Counterfeit Sports Items
Sport is very big business indeed, in every part of the globe. There’s a huge trade in sports items and sports memorabilia, and a lot of it is faked. It’s estimated that counterfeit sports items of all sorts account for around $1 billion dollars a year worldwide. That’s a lot of money.
ShirtsReplica shirts aren’t just a way of supporting a football team, they’ve also become regular items of fashion clothing for both men and women. The problem is that replica shirts from official club shops are very expensive. Add to that the fact that clubs regularly come out with new shirts, and that can account for a lot of money.
So it’s no surprise that there’s a very lucrative trade in fake replica shirts, the vast majority of them made in Asia. Internet auction sites are an excellent place for the makers to dispose of their wares. But tourists also snap up many, for themselves and for friends. Plenty of the shirts also find their way across the borders to be sold on market stalls across many countries. Some football clubs have become global brands in themselves.
In the UK, a lot of work by Trading Standards has seen fewer of these items on obvious sale here than in previous years, but they’re still readily available to those who know where to look.
All this takes a lot of money away from the clubs, and in a time of soaring debt, especially among the English football clubs, it’s money they could greatly use. However, there’s nothing new in this particular trade. It’s been going on for years, with counterfeits of differing quality. Perhaps the greatest difference is that these days the quality of the counterfeits has become much better, to the point where they can be indistinguishable from the real thing.
Sports MemorabiliaThere’s a very strong sports memorabilia market, and the counterfeiters can have a field day here, especially with autographs. With old autographs there’s generally no way to verify the authenticity, and even with many newer ones it can be difficult. Signatures are very easy to fake, and with popular figures they can be an easy way to make money.
Reputable dealers do belong to organisations and offer provenance on the items they sell, but all too often those who are buying don’t care, especially if it’s an item they want. There have been a number of conviction s of sports memorabilia dealers who’ve done a brisk trade in fake autographs.
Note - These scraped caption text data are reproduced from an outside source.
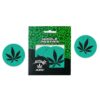 AllStuff420 Nipple pastie black cannabis leaf sky blue background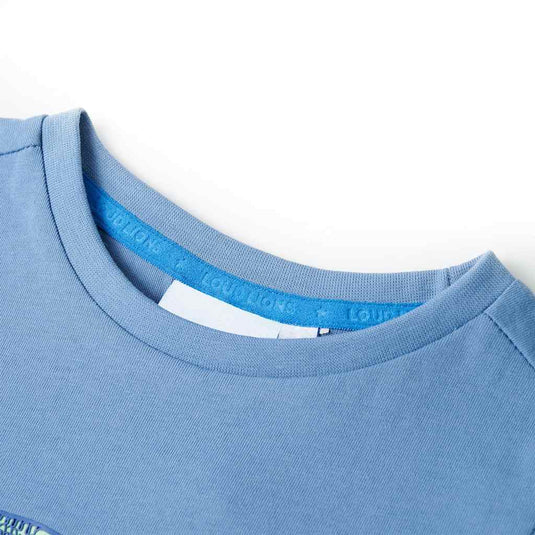 Vidaxl kindershirt 140 middelblauw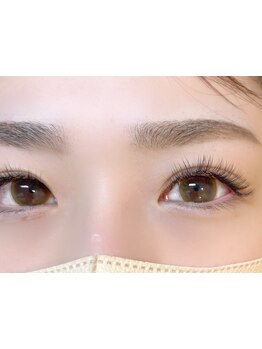 目の形にあったエクステ提案が得意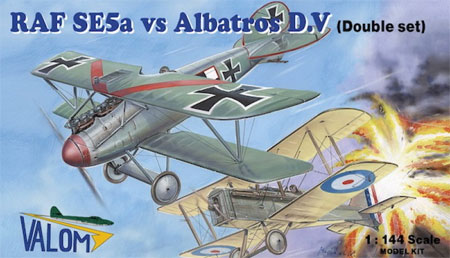 RAF SE5a vs アルバトロス D.V (2機セット) プラモデル (バロムモデル 1/144 エアクラフト No.14418) 商品画像
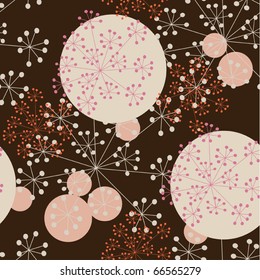 Abstract floral seamless vector pattern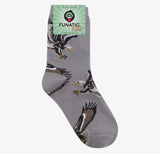 BALD EAGLE Unisex Kids Socks FUNATIC Brand - Novelty Socks And Slippers
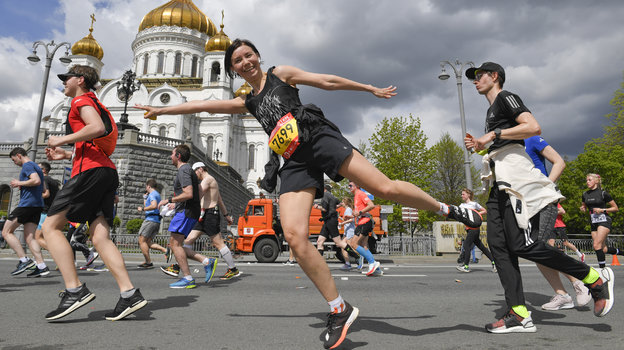 Участники Московского полумарафона. Фото Global Look Press Участники Московского полумарафона. Фото Global Look Press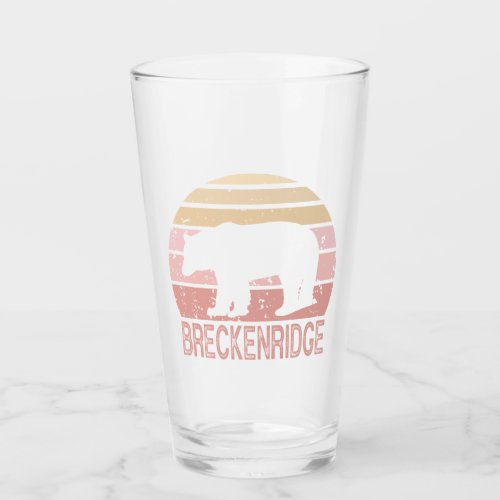 Breckenridge Colorado Retro Bear Glass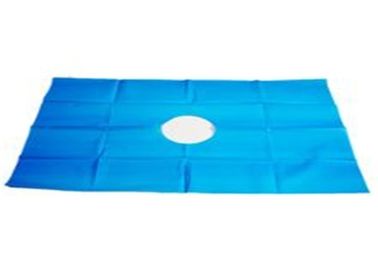 Le tissu réutilisable imperméable chirurgical drape d'anti bactéries avec le trou d'ouverture fournisseur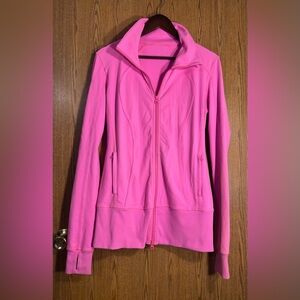 Lululemon Nice Asana Zing Pink Slim Fit Full Zip Yoga Jacket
Sports GearRunning shoes and all kinds of athletic clothing sell as well as designer gear, so it’s natural that people would counterfeit them. The big difference, apart from the price, is the quality of the merchandise, which is shoddy at best, and liable to fall apart very quickly.
The market for trainers, in particular, which has extended far beyond just sports, means that they’re a prime target for counterfeiters. New models are constantly appearing, and it’s easy to fake the look of designer trainers, although no attempt is made to replicate the quality. It’s reached the point where there are a number of unofficial sites now solely dedicated to distinguishing the real things from the fakes. That’s a comment on how widespread, and how good, the counterfeiting has become.
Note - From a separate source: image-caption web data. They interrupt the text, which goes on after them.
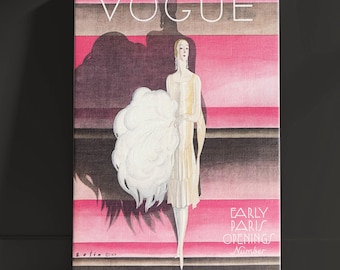 1925 Vogue Cover Art Print: Paris Vintage Fashion by Guillermo Bolin
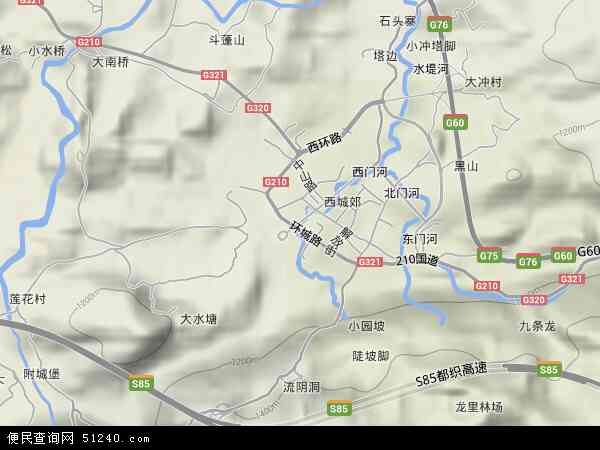龙山县卫星地图高清版图片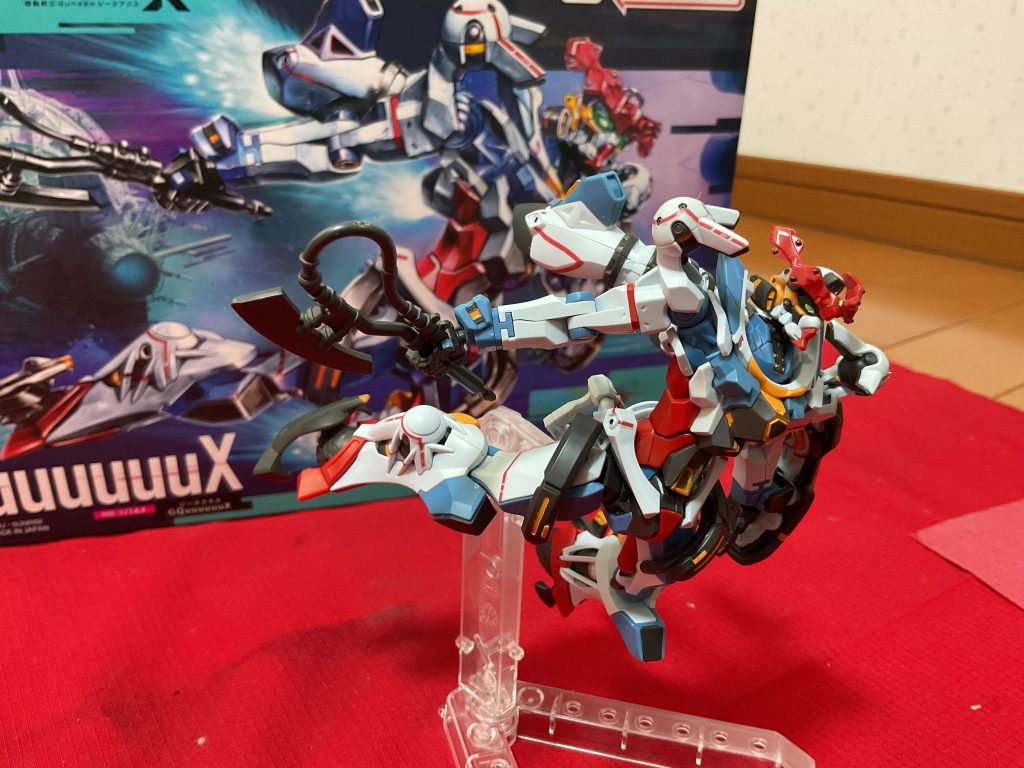 箱絵のポーズ。以上hgジークアクスでした。最後まで見ていただきありがとうございました。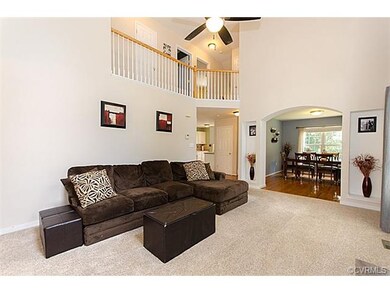 Family Room, Dining Room, and Second Floor Balcony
Even golf clubs have been counterfeited. A number of manufacturers have issued warnings on their sites, and ways to identify the counterfeits, most of which are sold on Internet auction sites from Asia.
The fact is that sports counterfeiting has become a rival to fashion counterfeiting, which mirrors the rise in popularity of sports. Short of much more stringent law enforcement, which is unlikely to happen, that won’t be changing in the near future.